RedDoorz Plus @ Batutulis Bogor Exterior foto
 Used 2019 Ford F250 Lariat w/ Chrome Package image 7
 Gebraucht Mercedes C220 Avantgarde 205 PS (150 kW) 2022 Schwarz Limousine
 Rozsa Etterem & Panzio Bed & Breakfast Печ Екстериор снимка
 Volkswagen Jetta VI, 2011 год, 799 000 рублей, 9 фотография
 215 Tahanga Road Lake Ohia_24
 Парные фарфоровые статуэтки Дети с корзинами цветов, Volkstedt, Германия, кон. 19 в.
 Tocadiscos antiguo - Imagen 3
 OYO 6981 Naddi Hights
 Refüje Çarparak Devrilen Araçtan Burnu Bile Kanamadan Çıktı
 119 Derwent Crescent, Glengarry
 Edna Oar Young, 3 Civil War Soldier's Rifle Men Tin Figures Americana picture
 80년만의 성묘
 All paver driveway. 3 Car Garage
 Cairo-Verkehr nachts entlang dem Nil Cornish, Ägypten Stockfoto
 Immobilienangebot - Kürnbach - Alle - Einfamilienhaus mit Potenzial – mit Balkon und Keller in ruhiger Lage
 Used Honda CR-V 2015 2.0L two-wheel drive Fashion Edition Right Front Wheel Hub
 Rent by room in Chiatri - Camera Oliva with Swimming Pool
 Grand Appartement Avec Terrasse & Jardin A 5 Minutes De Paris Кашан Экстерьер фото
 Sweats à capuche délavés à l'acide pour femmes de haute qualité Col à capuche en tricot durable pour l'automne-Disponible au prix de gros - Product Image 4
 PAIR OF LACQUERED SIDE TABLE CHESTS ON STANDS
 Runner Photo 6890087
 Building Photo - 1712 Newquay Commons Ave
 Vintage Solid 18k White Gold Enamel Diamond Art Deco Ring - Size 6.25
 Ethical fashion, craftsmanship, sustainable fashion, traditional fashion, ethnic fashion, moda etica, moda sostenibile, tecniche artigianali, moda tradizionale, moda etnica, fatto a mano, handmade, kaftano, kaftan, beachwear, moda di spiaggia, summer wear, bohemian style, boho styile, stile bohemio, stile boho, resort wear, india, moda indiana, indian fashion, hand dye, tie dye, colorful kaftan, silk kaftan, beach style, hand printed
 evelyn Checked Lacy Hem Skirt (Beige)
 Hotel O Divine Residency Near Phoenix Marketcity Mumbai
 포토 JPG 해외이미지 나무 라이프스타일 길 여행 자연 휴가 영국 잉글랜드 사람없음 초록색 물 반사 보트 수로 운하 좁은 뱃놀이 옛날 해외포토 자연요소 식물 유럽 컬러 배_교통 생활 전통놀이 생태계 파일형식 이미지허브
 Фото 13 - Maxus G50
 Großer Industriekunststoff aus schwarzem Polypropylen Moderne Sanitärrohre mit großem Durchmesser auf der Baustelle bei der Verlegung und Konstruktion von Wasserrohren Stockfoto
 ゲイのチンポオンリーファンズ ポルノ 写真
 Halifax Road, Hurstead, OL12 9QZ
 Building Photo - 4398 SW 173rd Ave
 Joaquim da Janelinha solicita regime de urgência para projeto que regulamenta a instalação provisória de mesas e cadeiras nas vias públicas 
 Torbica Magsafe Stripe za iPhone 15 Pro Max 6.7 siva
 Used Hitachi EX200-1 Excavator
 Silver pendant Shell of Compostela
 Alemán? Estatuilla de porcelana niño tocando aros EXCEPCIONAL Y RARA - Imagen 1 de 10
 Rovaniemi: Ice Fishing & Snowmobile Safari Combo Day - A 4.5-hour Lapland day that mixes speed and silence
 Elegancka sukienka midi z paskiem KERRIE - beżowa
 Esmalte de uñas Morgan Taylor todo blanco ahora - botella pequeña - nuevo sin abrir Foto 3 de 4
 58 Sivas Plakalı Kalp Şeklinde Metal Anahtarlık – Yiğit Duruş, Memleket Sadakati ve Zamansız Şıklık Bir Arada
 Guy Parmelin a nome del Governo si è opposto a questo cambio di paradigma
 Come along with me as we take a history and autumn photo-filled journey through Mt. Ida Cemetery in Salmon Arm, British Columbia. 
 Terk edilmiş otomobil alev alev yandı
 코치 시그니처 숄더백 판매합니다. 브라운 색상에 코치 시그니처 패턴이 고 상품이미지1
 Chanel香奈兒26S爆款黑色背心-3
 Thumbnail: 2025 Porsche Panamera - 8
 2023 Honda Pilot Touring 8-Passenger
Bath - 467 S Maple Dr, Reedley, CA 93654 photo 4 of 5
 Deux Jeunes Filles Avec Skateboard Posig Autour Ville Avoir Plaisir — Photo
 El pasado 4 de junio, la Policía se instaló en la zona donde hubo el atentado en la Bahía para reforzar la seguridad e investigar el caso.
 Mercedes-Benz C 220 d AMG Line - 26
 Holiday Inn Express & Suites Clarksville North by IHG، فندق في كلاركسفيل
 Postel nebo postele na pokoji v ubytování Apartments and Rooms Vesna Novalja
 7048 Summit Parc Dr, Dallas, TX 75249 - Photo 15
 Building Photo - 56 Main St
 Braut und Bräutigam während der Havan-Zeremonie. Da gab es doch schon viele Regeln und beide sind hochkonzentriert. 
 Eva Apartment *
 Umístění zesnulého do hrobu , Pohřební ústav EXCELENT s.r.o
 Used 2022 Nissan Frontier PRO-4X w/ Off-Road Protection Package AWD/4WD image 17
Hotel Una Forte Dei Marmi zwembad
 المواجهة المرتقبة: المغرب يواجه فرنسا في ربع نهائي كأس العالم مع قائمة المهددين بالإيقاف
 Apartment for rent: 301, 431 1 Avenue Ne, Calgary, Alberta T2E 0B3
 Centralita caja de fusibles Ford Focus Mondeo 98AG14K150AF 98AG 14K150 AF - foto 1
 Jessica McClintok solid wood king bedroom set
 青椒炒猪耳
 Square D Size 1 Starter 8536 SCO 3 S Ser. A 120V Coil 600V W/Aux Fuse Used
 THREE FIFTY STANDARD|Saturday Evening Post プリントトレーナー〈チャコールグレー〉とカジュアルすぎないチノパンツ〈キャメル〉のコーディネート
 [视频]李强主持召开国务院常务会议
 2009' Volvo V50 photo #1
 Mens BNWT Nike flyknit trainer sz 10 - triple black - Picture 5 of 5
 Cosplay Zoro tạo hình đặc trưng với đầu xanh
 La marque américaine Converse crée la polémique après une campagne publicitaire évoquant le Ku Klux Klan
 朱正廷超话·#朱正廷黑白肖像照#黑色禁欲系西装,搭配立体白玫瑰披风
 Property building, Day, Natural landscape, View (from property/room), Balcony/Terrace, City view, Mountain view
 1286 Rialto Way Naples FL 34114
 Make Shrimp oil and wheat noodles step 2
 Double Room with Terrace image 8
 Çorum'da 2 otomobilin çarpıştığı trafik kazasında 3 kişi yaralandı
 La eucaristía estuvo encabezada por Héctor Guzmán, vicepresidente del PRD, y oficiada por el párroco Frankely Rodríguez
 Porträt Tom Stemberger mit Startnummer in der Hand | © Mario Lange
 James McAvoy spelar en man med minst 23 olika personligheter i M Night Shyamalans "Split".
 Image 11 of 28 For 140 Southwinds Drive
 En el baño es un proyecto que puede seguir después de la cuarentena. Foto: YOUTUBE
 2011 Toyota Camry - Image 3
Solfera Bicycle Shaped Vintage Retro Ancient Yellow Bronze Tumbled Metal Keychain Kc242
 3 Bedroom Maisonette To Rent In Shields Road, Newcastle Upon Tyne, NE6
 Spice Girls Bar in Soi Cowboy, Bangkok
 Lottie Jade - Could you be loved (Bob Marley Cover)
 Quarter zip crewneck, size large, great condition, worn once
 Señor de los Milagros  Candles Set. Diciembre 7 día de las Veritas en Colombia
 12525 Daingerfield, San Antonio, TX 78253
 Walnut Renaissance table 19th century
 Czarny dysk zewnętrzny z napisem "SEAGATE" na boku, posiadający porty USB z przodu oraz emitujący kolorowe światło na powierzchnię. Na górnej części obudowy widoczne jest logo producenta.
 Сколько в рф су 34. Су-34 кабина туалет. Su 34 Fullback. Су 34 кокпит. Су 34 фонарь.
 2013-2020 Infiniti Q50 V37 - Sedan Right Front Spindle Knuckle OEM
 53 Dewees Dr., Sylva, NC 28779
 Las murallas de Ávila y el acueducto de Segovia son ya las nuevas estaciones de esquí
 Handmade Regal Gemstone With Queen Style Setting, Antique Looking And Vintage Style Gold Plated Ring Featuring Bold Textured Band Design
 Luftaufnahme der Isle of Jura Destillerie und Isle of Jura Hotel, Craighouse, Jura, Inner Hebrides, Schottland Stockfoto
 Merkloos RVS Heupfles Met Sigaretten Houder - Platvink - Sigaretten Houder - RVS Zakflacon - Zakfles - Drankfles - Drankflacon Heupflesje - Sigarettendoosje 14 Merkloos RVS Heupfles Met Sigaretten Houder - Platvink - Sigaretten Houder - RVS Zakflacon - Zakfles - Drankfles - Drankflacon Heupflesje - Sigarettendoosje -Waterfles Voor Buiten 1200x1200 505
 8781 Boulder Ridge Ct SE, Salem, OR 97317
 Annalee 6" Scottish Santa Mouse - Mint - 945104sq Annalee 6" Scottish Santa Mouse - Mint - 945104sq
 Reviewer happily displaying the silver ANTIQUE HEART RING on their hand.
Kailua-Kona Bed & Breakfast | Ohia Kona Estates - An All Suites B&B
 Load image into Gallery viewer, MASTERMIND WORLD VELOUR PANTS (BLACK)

○ ○ ○ ○

Of the lines above, output exactly those from the line bearing "Used 2022 Nissan" through the line bearing "THREE FIFTY STANDARD|Saturday", inclusive.

> ANSWER SECTION
 Used 2022 Nissan Frontier PRO-4X w/ Off-Road Protection Package AWD/4WD image 17
Hotel Una Forte Dei Marmi zwembad
 المواجهة المرتقبة: المغرب يواجه فرنسا في ربع نهائي كأس العالم مع قائمة المهددين بالإيقاف
 Apartment for rent: 301, 431 1 Avenue Ne, Calgary, Alberta T2E 0B3
 Centralita caja de fusibles Ford Focus Mondeo 98AG14K150AF 98AG 14K150 AF - foto 1
 Jessica McClintok solid wood king bedroom set
 青椒炒猪耳
 Square D Size 1 Starter 8536 SCO 3 S Ser. A 120V Coil 600V W/Aux Fuse Used
 THREE FIFTY STANDARD|Saturday Evening Post プリントトレーナー〈チャコールグレー〉とカジュアルすぎないチノパンツ〈キャメル〉のコーディネート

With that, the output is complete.